The proof of 1), for a three-digit number "abc"
abc = 100a + 10b + 1c
= 99a + 9b + (a + b + c)
3 divides 99a + 9b, so 3 divides "abc" iff 3 divides (a + b + c), the sum of the digits.
You can do this for numbers of any length, but I'm not latexing that from my iPhone.

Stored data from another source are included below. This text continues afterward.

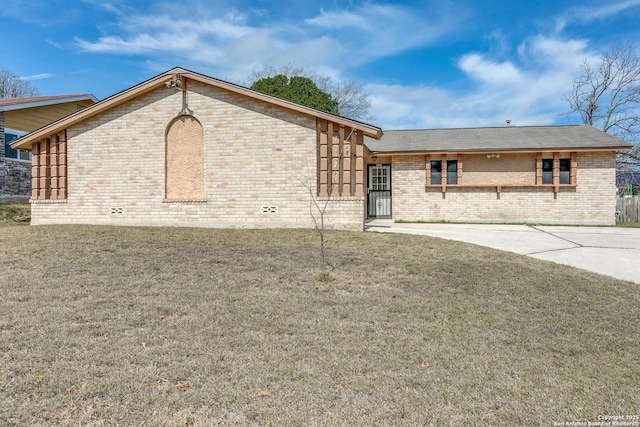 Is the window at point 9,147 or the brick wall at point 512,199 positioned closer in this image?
the brick wall at point 512,199

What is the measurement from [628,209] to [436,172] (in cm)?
1030

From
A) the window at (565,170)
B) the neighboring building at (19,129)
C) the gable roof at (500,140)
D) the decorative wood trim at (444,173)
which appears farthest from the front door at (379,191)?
the neighboring building at (19,129)

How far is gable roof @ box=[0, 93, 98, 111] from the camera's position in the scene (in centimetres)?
1700

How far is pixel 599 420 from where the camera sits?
2443 millimetres

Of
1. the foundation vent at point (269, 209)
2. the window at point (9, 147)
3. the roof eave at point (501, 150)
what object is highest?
the window at point (9, 147)

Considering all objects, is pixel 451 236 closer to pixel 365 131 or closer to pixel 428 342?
pixel 365 131

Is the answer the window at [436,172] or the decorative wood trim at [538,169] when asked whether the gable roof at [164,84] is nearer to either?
the window at [436,172]

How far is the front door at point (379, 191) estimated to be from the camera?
658 inches

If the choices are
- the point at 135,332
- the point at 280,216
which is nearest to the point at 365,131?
the point at 280,216

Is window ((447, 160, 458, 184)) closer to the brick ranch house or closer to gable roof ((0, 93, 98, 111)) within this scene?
the brick ranch house

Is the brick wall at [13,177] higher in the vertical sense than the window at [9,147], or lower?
lower

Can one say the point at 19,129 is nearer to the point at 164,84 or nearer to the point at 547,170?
the point at 164,84

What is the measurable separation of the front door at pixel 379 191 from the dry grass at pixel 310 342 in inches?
390

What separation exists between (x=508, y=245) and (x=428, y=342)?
6.44 m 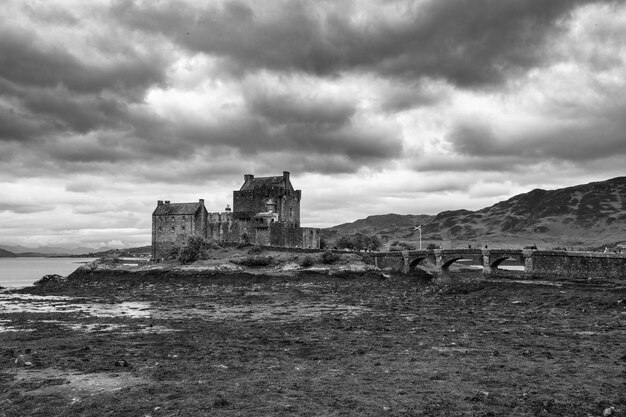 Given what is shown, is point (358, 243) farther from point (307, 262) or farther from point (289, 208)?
point (307, 262)

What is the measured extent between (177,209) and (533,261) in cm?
7044

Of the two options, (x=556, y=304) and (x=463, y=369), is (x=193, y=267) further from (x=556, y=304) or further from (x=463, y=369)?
(x=463, y=369)

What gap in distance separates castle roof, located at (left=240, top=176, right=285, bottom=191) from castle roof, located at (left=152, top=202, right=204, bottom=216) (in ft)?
34.3

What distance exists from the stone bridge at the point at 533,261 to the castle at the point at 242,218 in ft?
73.2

2). Express any number as "abcdef00" + "gh" (for example).
Since "abcdef00" is a multiple of 100, it is divisible by 4. So all that remains is to check "gh", the last two digits.
3) same as 2), since 8 divides 1000
4) same as 1

3. ## Re: Dividing Integers

Awesome! Thanks.

... doug

4. ## Re: Dividing Integers

You can work out other divisibility tests for, say, prime numbers (the building blocks on the integers, if you will).
It gets complicated quickly, though!
Consider divisibility by 7. We look for multiples of 7 that are CLOSE TO POWERS OF TEN (ten, since we use base ten).
It gets nasty quickly, but stick with me!
1 + 0 = 1
3 + 7 = 10
2 + 98 = 100
(-1) + 1001 = 1000
(-3) + 10003 = 10000
(-2) + 100002 = 100000
The second number in each equation is divisible by 7. So for a six digit number "abcdef", we write this as:
a*100000 + b*10000 + c*1000 + d*100 + e*10 + f*1.
=
(a*100002 + b*10003 + c*1001 + d*98 + e*7) + [-2*a - 3*b - 1*c + 2*d + 3*e + 1*f]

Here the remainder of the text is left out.